System requirements
Functional:
- User can search for events with filter.
- User can book events and receive tickets.
- User can cancel event reservation, or resale the tickets.
Non-Functional:
- We need to ensure no double booking - transactional and idempotent
- Latency for search should be minimized with 250ms.
- Data integrity and security when purchase is involved. However, we assume Payment service provider (PSP) is given.
Capacity estimation
- Assume 100M DAU
- User browse 10 events a day, book 1 events a day. (Read heavy)
- Roughly 10K read QPS, and 1K write QPS.
API design
Start with Restful. Open to discuss rpc if we have HTTP2+ is supported.
Have user info in header as JWT to ensure request integrity.
With TicketMaster, or common site, we do 2 phases commit where you can attempt to book (reserve) for 5 mins or so. Then you make the real purchase commit.
POST /v1/attempt
{
"eventId"
}
POST /v1/commit
Header
{
"idempotentKey"
}
Body
{
"eventId"
}
GET /v1/events?{searchTerm,zipCode,price...filter}
GET /v1/booking/{bookingId}
PUT /v1/booking/{boolingId}
{
"updateInfo"
}
DELETE /v1/booking
POST /v1/postTicket
{
"originalTicketId"
"resalePrice"
}
Database design
Assume relational with PostgreSQL. Open to discussion when we confirm a working basic solution and analyze the read & write access pattern.
Customer
=======
customer_id PK
Event
=====
event_id pk
Booking
======
booking_id PK (ConfirmationId)
idempotent_key Unique
customer_id FK
Seat
======
seat_id PK
booking_id FK
state OPEN | HOLD | PENDING | SOLD - hold for 5 mins, pending is for waiting payment, sold indicates the seat is not available.
price
High-level design
You should identify enough components that are needed to solve the actual problem from end to end. Also remember to draw a block diagram using the diagramming tool to augment your design. If you are unfamiliar with the tool, you can simply describe your design to the chat bot and ask it to generate a starter diagram for you to modify...
Request flows
Explain how the request flows from end to end in your high level design. Also you could draw a sequence diagram using the diagramming tool to enhance your explanation...
Detailed component design
Dig deeper into 2-3 components and explain in detail how they work. For example, how well does each component scale? Any relevant algorithm or data structure you like to use for a component? Also you could draw a diagram using the diagramming tool to enhance your design...
Trade offs/Tech choices
_For low latency search, especially with fuzzy search in search term, what can you do to improve the system?_
> Consider Elasticsearch for search query, and use Change Data Capture (CDC) (low cost - reading replication slot, build Kafka higher cost - Debezium) from Postgres to achieve data sync.
_Assume we have super start event, with lots of write traffic, what can we do?_
> Have a queue like Kafka for ticket commit, and have FE to hold Sever Side Event (SSE) with backend. When the Kafka consumer is done charging, we remove the loading and render complete booking information like confirmationId.

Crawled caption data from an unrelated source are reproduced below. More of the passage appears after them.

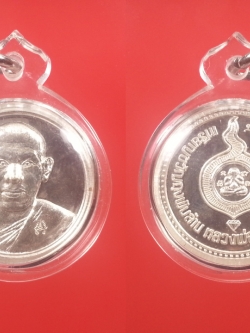 เหรียญกลมหลวงพ่อพร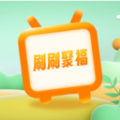 刷刷聚福正版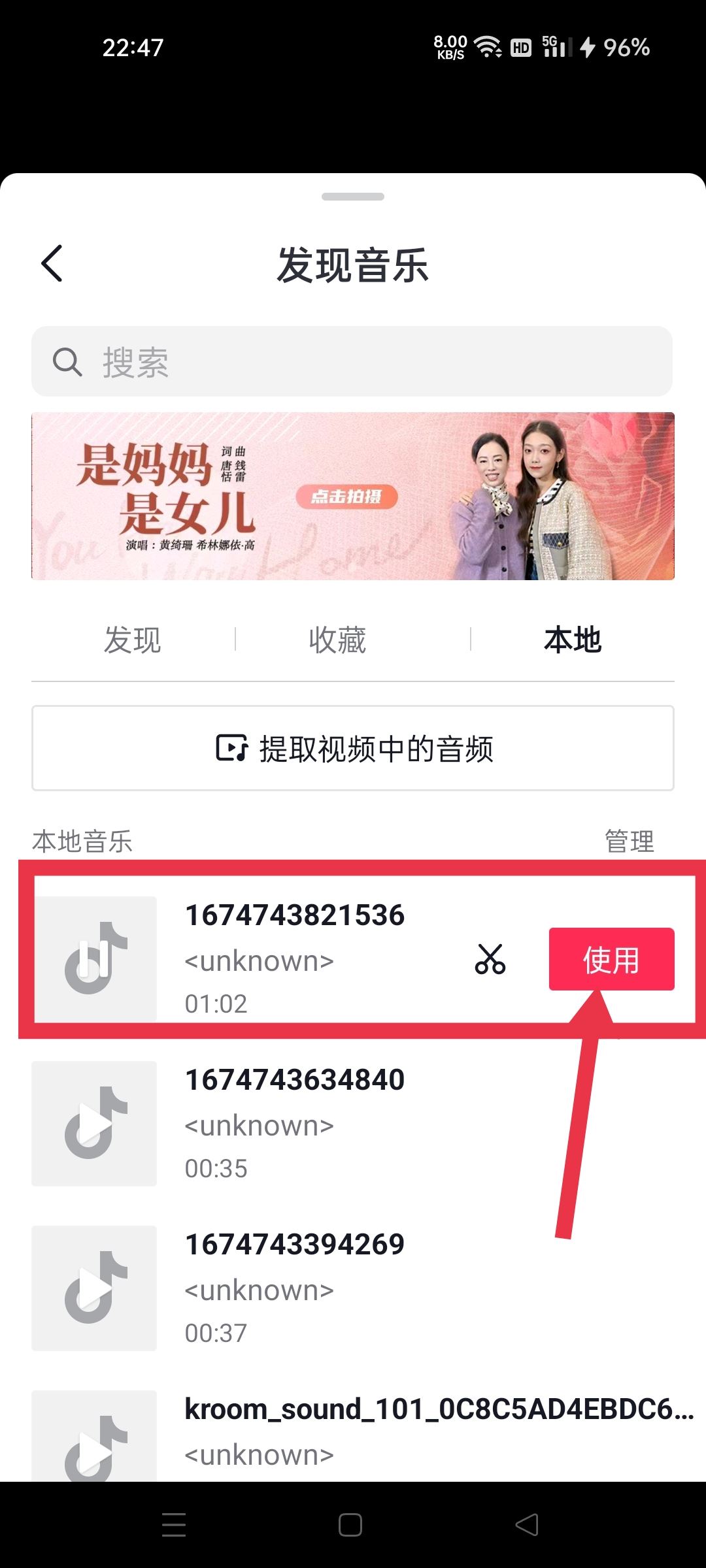 怎么把酷狗上自己唱的歌上傳抖音？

Failure scenarios/bottlenecks
_How to ensure database scaling for read?_
> This is a read heavy system, we can use read replica to scale.
_How to ensure one seat is only be held by one customer in scaling env?_
> On /attempt call. Use Postgres FOR UPDATE SKIPPED LOCK combination to ensure we assign the seat to only one user. On the extreme load for super star event with huge read and write (attempt), we can introduce extra component Redis to have key ticketId value customerId to represent ticket hold with TTL 5 mins. This further reduces I/O and Redis can guarantee atomic operation with LUA script.

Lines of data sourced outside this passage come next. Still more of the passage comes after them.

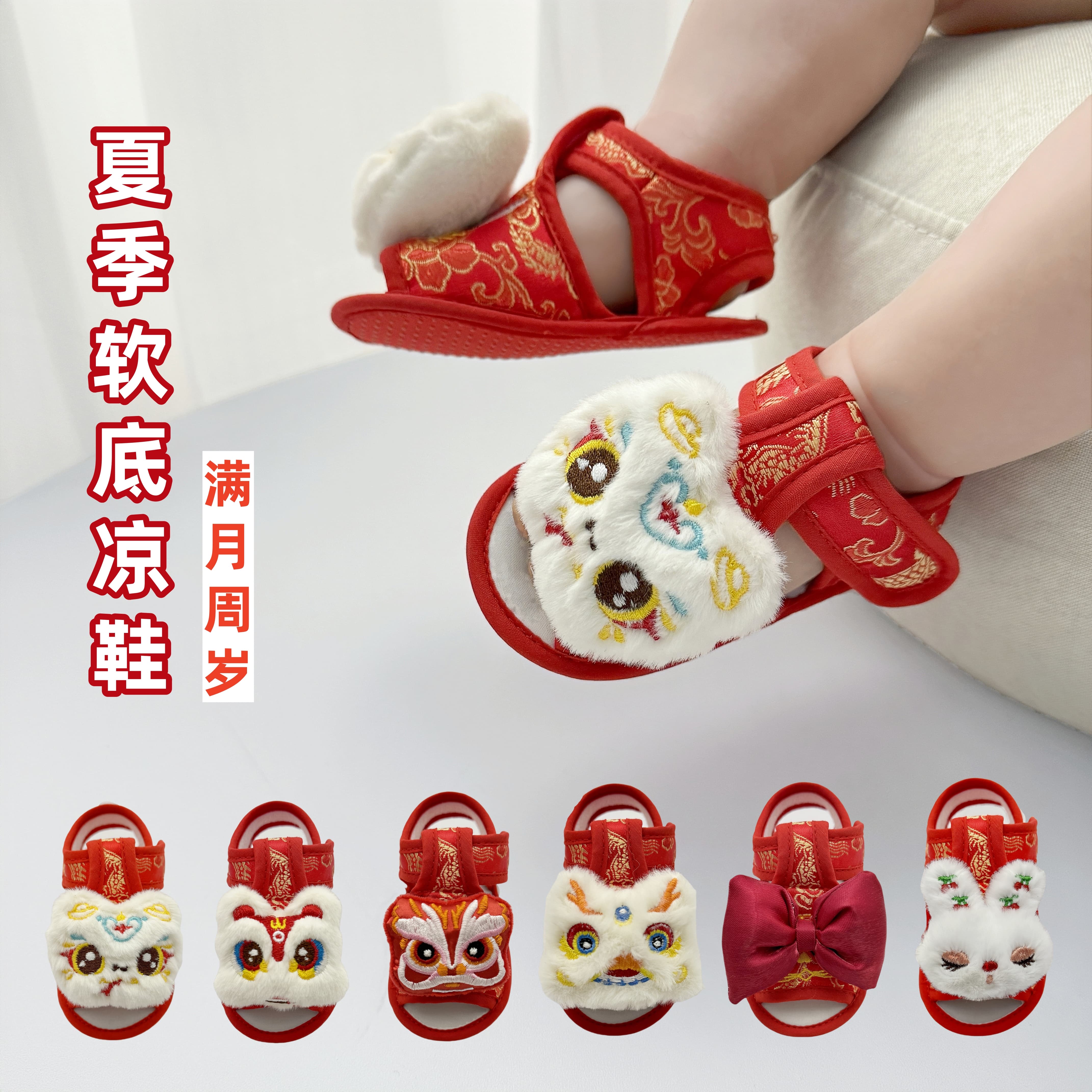 红色婴儿凉鞋夏季男女童
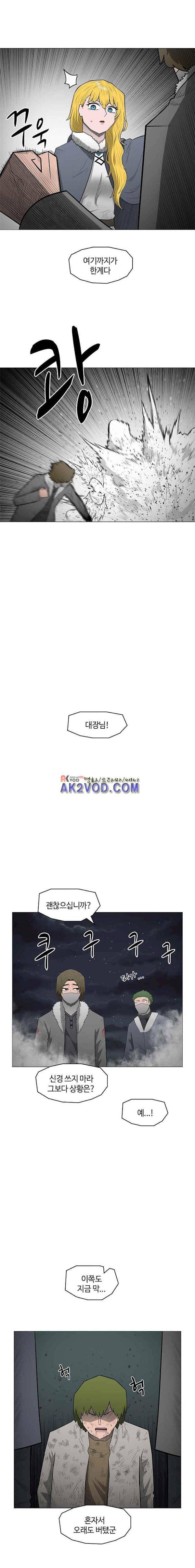트라이앵글 49화 15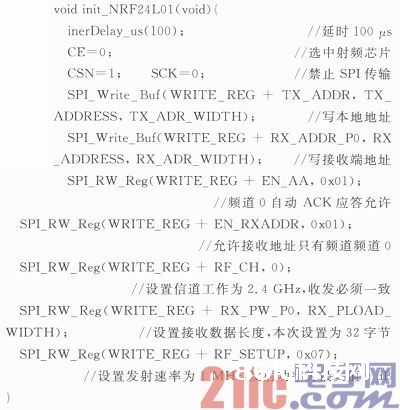 TC15单片机和nRF240I的无线门禁体系规划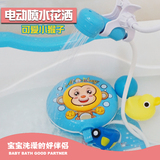 宝宝洗澡玩具电动喷水婴儿童花洒伴侣游泳池宝宝水上玩水 戏水玩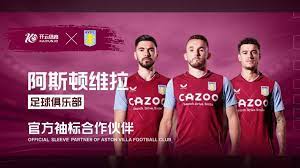 热的重要人 热的重要人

_How to ensure no double booking?_
In commit API, we need to ensure an idempotentKey is passed in and we store to db at the same time calling for PSP.
Future improvements
_Scaling on DB_
> Since this is read heavy system, we can introduce read replica and Redis as read cache and static content in CDN at edge location in front of application for super star event especially on event venue screen. (Given event venue will have most view, no write) We have more write at attempt page, then least in booking confirmation page.
> The Postgres tables, after query pattern analysis, can be sharded horizontally by booking key or seat key with consistent hashing as these two are often queried with primary key. We have HAProxy + PGPool and we can have custom header key like X-HASH-KEY being searched queried key to pick RDS cluster endpoint.

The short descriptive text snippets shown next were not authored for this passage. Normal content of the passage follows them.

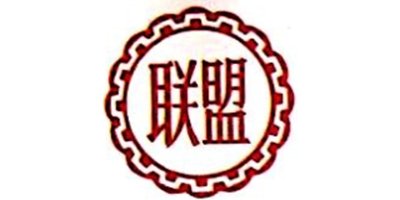 山东联盟化工股份有限公司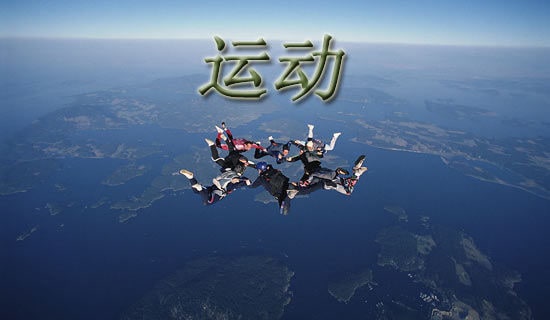 《热身运动》中班语言教案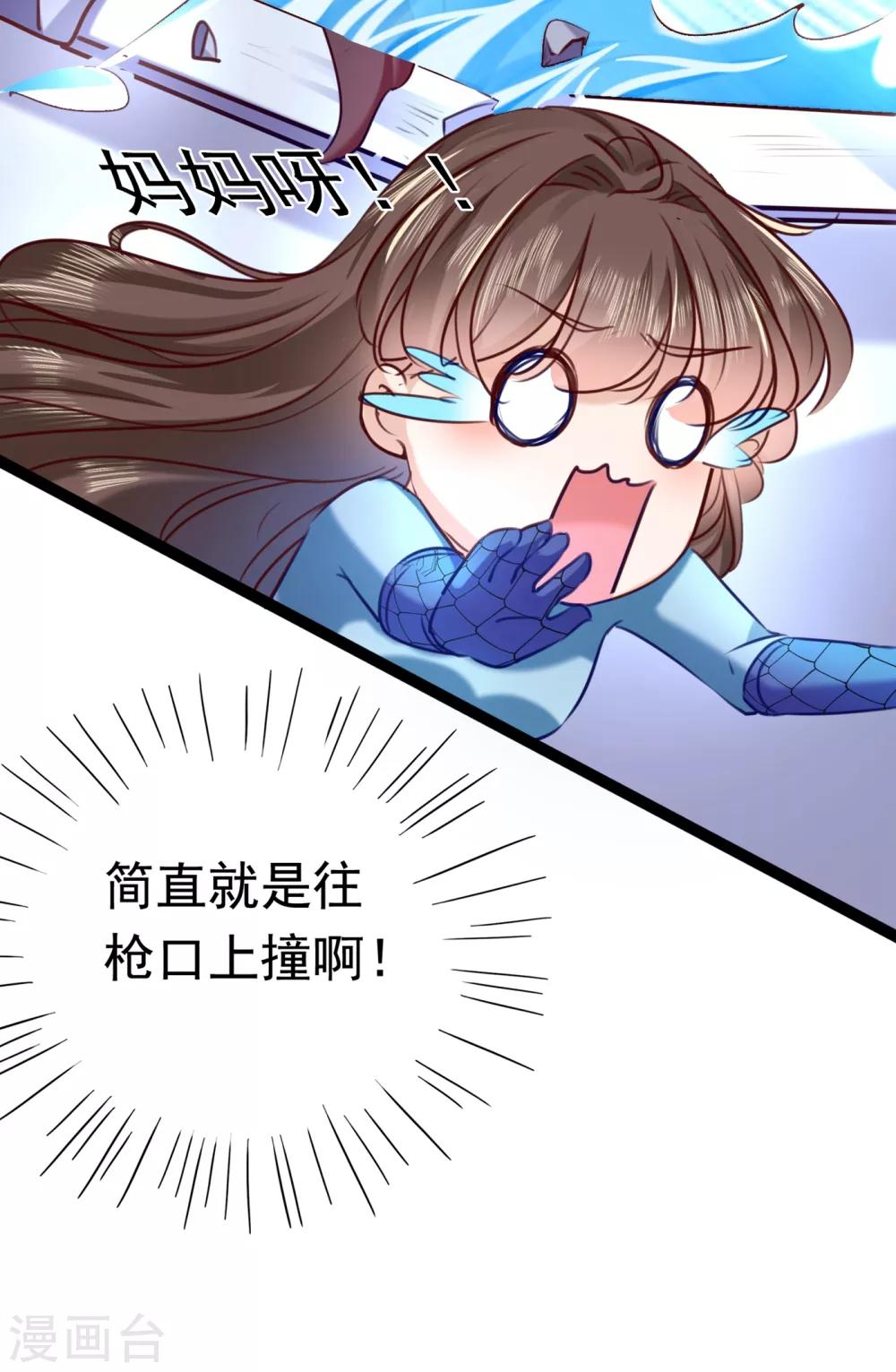 第232话 要来我的鱼塘吗？18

_Scaling on Multi region & Security_
> When it comes to payment, we need to ensure security is held at high bar. Assume our scaling of DB is managed by read replica in Postgres and we have pgbouncer and (pgpool + haproxy).
We scale the microservices with K8s HPA settings. Furthermore, to ensure data transfer between microservices, especially around payment service, communication are all encrypted, we can consider Envoy side car with Istio to ensure pod to pod communication has mutual TLS.